How do you distinguish good painting versus bad painting?
There was a while that we didn’t think I would live this long. It’s been about 15 years when I thought I would have maybe about six. I began to delve into studying Photoshop and creating really intense pieces. After a while I stopped myself and said, “I need to just let the paint be paint.” I started to focus on the syntax, the way the contrast creates an illusion in your mind, so that from where you’re standing it all works To me, now, that’s a good painting. But then again, my idea of that is always going to change. We aren’t the same people we were a few days ago, let alone a few years. Our ideas are always changing.
What is something that people don’t know about you?

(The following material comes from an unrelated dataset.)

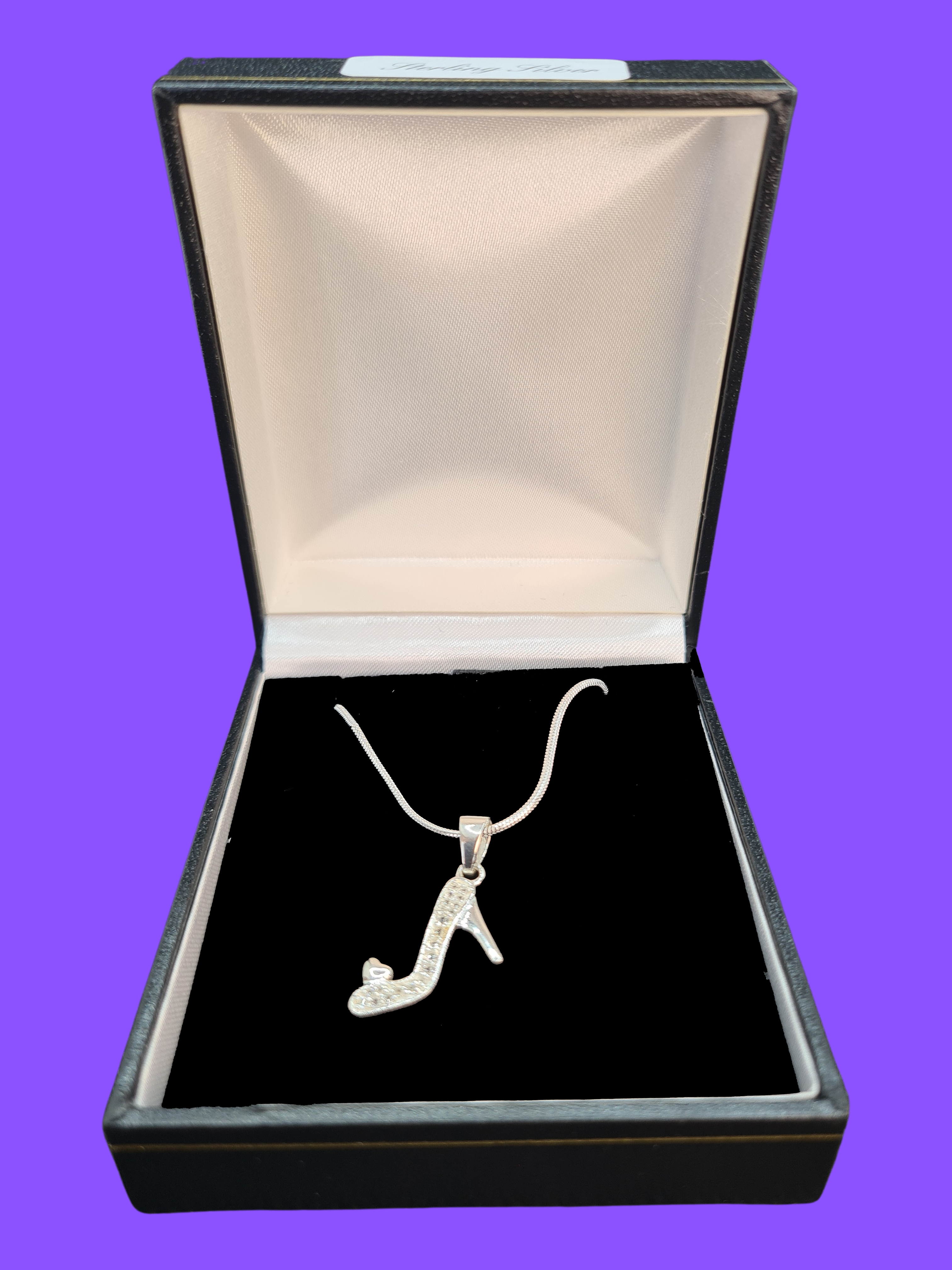925 Sterling Silver Glass Slipper Pendant Necklace – 45cm Chain with Sterling Silver Clasp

Most people know me as a painter or an artist. They don’t know me as both. I’ve got friends from different passions of my life. Some may know me as a songwriter, but they don’t know I spend majority of my days looking for something to capture on the canvass. It’s the same thing for some of my friends that knew me through my artwork. They know about my art but they don’t know that I’ve written and recorded songs. It’s a little bit of a funny hybrid.

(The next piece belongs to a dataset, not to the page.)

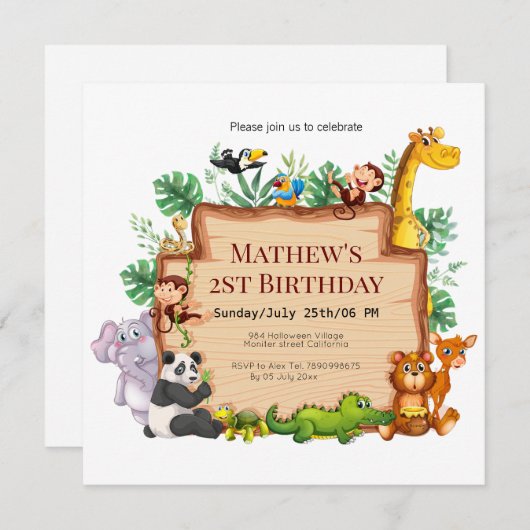 ジャングルかわいらしと野生動物lキリン誕生日 招待状 (正面/裏面)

A lot of your art is heavily influenced by nature. Where are you most inspired?
In general, I love all of New England for my paintings. I’ve been to every place I’ve painted. One location that really sticks out in my head was Canada, specifically Montreal. It had such an essence and energy to it that I truly enjoyed capturing over and over again.
What do you think of the term “Golden Age of New Paltz?”
Oh, that’s when I was there! (laughs) It really was a special time to be a part of it all. It was when the college became very serious about the teachers being artists. It was a turning point in art education.